__ASSIGNMENT__: Leave out the pictures, and print exactly the lines from the one holding "Felicity & Coco" through the last line of the material.
DATA EXTRACTS START
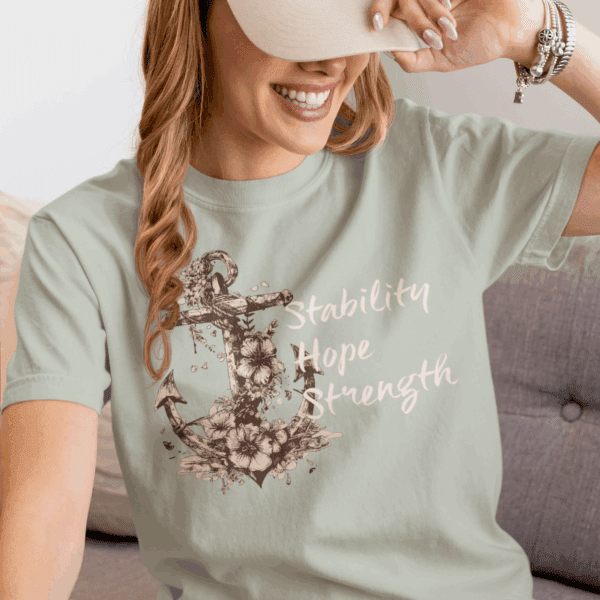 Stability, Hope, Strength - Anchor Heavyweight T-Shirt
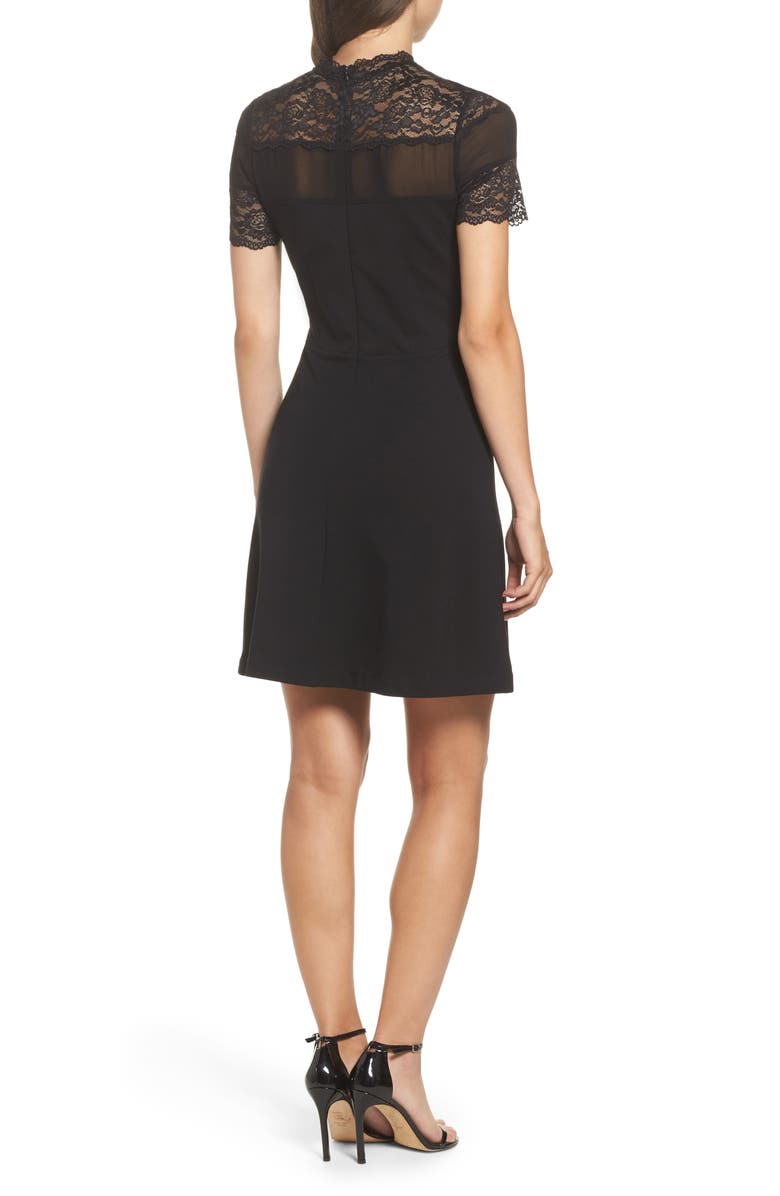 Felicity & Coco Katherine Lace Fit & Flare Dress, Alternate, color, Black
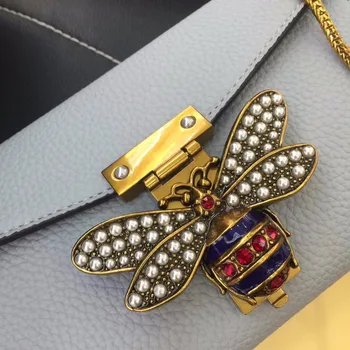 Skórzany koperta torba perła dekoracja mini torba liczi wzór torba na ramię gumtree pszczoła metalowa torba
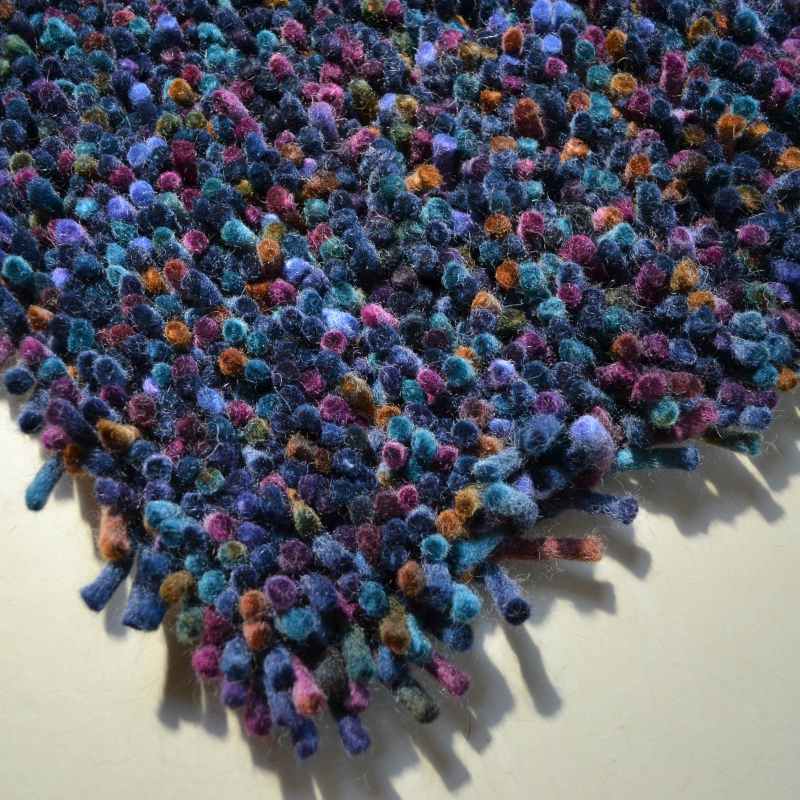 Brink and Campman Rocks Shaggy Wool Rugs 70508 in Blue and Multi-colours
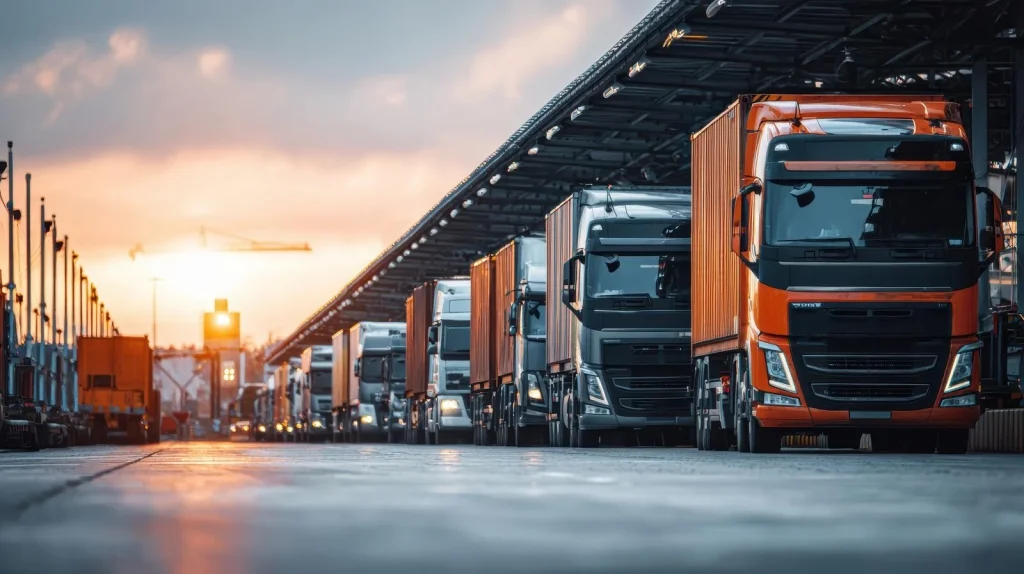 Transport en logistiek – vrachtwagens bij een logistiek centrum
DATA EXTRACTS END
__OUTPUT FOR THIS TASK__:
 Felicity & Coco Katherine Lace Fit & Flare Dress, Alternate, color, Black
 Skórzany koperta torba perła dekoracja mini torba liczi wzór torba na ramię gumtree pszczoła metalowa torba
 Brink and Campman Rocks Shaggy Wool Rugs 70508 in Blue and Multi-colours
 Transport en logistiek – vrachtwagens bij een logistiek centrum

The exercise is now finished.